Merci, monete, uomini, donne e bambini, insieme con piante, animali, microbi e idee hanno solcato lunghe distanze, per terra e per mare, fin dall’Antichità, talora in spostamenti da un continente all’altro. Ma quando ebbe inizio quel complesso fenomeno che oggi chiamiamo globalizzazione? Fu solo con la rivoluzione dei trasporti e delle comunicazioni che seguì l’apparizione delle ferrovie, delle navi a vapore e del telegrafo tra la fine del Sette e la metà dell’Ottocento? Oppure possiamo intravedere i prolegomeni della globalizzazione già nella crescita dei traffici medievali? E in ogni caso quali ne furono le forze motrici? Molte e diverse risposte sono state date a queste domande, anche in funzione del fatto che si definisca globalizzazione il solo allargamento geografico degli scambi economici e culturali oppure si dia a questo termine un significato più preciso di interconnessione dei mercati e crescente uniformità culturale. […]

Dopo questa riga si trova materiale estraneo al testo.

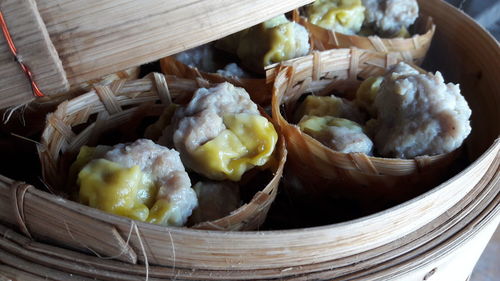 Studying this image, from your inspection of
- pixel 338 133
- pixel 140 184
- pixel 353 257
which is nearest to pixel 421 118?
pixel 338 133

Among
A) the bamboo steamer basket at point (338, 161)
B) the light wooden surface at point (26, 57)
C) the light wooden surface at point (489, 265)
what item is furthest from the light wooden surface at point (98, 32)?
the light wooden surface at point (489, 265)

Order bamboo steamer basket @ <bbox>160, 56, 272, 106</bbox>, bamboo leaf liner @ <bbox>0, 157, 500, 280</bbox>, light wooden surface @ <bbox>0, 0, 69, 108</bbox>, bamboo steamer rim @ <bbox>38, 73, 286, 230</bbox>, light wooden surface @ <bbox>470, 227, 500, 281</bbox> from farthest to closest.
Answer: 1. light wooden surface @ <bbox>470, 227, 500, 281</bbox>
2. bamboo steamer basket @ <bbox>160, 56, 272, 106</bbox>
3. bamboo steamer rim @ <bbox>38, 73, 286, 230</bbox>
4. bamboo leaf liner @ <bbox>0, 157, 500, 280</bbox>
5. light wooden surface @ <bbox>0, 0, 69, 108</bbox>

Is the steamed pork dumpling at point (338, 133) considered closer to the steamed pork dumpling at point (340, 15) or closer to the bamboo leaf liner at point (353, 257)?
the bamboo leaf liner at point (353, 257)

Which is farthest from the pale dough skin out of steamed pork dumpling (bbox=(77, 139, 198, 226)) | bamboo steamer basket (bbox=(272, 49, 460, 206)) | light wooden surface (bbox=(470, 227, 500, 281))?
light wooden surface (bbox=(470, 227, 500, 281))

Nelle pagine che seguono esamineremo […] i commerci tra l’Europa e gli altri continenti. Questa scelta potrebbe apparire come ideologica o parziale, considerando che dal punto di vista quantitativo l’agricoltura continuò a essere la prima fonte di reddito per la stragrande maggioranza delle popolazioni europee per l’intera durata dell’Età moderna, e i traffici intercontinentali rappresentarono una parte esigua del commercio in generale. Gli scambi intercontinentali furono […] di stimolo a importanti innovazioni in campo tecnologico, finanziario e istituzionale. Inoltre, il dibattito sulle origini e l’impatto dell’espansione commerciale europea ha coinvolto intellettuali e studiosi non da decenni, ma da secoli; ed è impossibile ignorare quanto del modo di scrivere e pensare la storia d’Europa moderna sia oggi legato all’evolversi di questo dibattito.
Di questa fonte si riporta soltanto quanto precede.